John et al. (2013b) have used simultaneous all angle collocations (SAACs) of both AMSU-B and MHS instruments to estimate scan-dependent biases. NOAA-15 channels are found to be affected the most, mainly because of radio frequency interference (RFI) from onboard data transmitters (Atkinson 2001). The 183.31 ± 3 GHz channel of NOAA-15 shows the largest and time-varying biases; about 10 scan positions on the right edge of the scan suffer more than a 15-K bias during 2006–10. Measurements closer to nadir do not suffer from large biases except for the 183.31 ± 3 GHz and 183.31 ± 7 GHz channels on NOAA-15 and NOAA-16, respectively. They found the results are robust, in the sense that biases estimated for one satellite pair can be reproduced by double differencing biases of these satellites with a third satellite.
Equation (2) is applied to the cloud-filtered observed brightness temperatures with the statistically derived coefficient, and the resultant limb-corrected brightness temperatures are used to create spatially averaged datasets with a grid size of 0.25° for each satellite with ascending and descending orbits separately. This daily dataset also includes information on viewing angle, observation time, and the number of pixels on each grid. In addition, the cloud-cleared and limb-corrected brightness temperatures are averaged onto monthly 1.5° grids for each satellite with ascending and descending orbits separately.
4. Adjustment of diurnal sampling difference related to satellite orbital drift
Figure 4 compares the time series of equatorial local crossing time for the ascending node between polar-orbiting satellites carrying AMSU-B (NOAA-15, -16, and -17) and MHS (NOAA-18 and MetOp-A). Although polar-orbiting satellites tend to drift away from their original equatorial local crossing time at satellite launch, the comparison indicates that orbital drift is most significant for NOAA-15 and NOAA-16. Considering that NOAA-15 and NOAA-16 exhibit a distinct long-term trend of brightness temperature difference between ascending and descending orbits unlike the other more recent satellites (Fig. 1c), it is likely that the drift in the satellite orbit is hindering the long-term stability of satellite record and causing inconsistency between satellites (e.g., Mears et al. 2003; Jackson and Soden 2007). Since the long-term stability and consistency between satellites are essential requirements for climate monitoring, it is important to examine and adjust any biases induced by the satellite orbital drift.

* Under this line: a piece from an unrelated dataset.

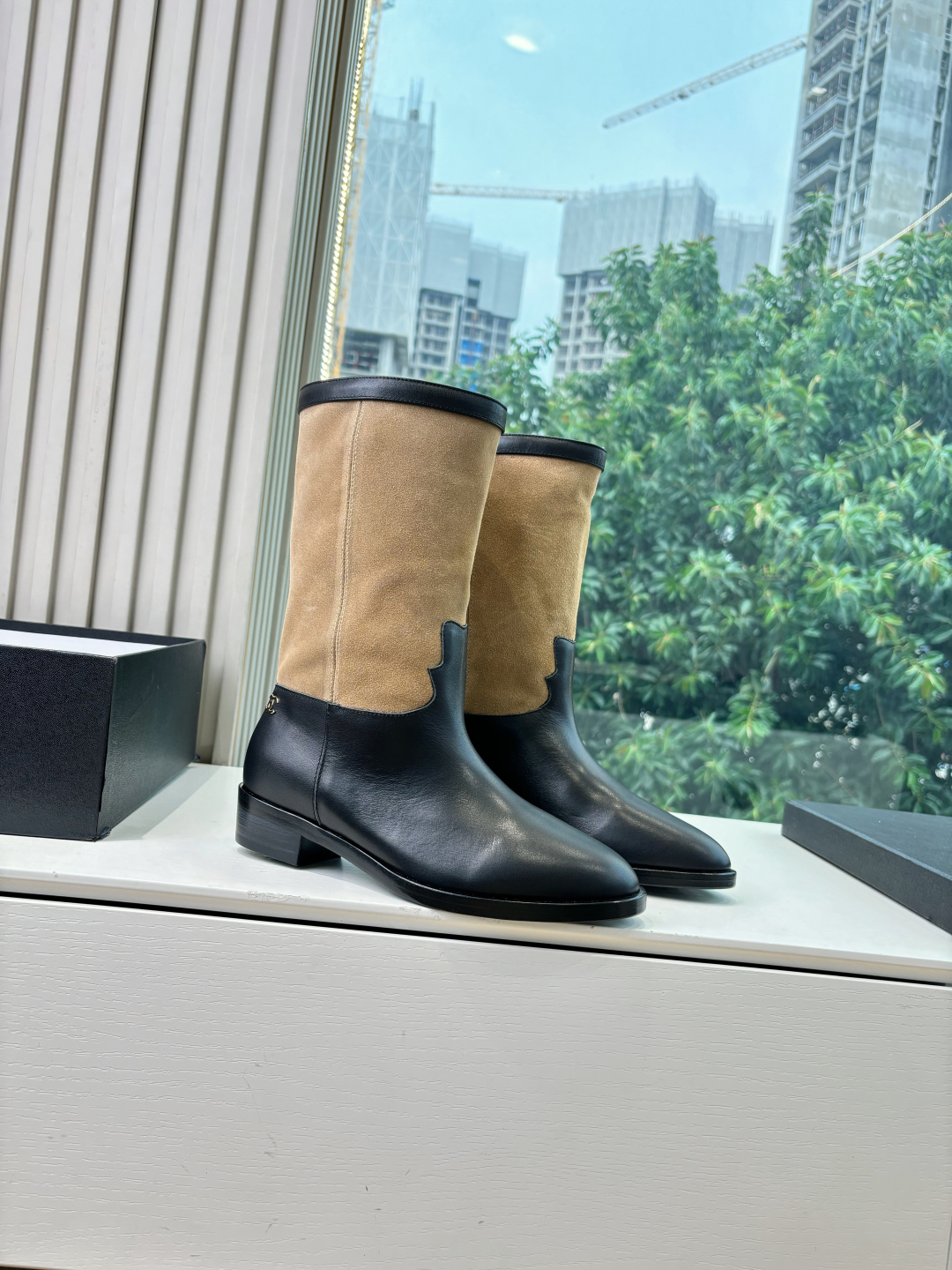 CHANEL 샤넬 로고 라이더 미들 부츠 신발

The existence of a noticeable diurnal cycle of humidity in the tropical free troposphere means that observed brightness temperatures in the water vapor channels will be different depending on the local observation time (e.g., Chung et al. 2007, 2009; Eriksson et al. 2010). Hence, the difference of local observation time should be adjusted before merging measurements from different satellites into a long-term satellite record. The impact of an individual satellite orbital drift will be a spurious warming or cooling trend depending on the initial observation time and the sign of the time change (e.g., Mears et al. 2003; Jackson and Soden 2007; Mears and Wentz 2009).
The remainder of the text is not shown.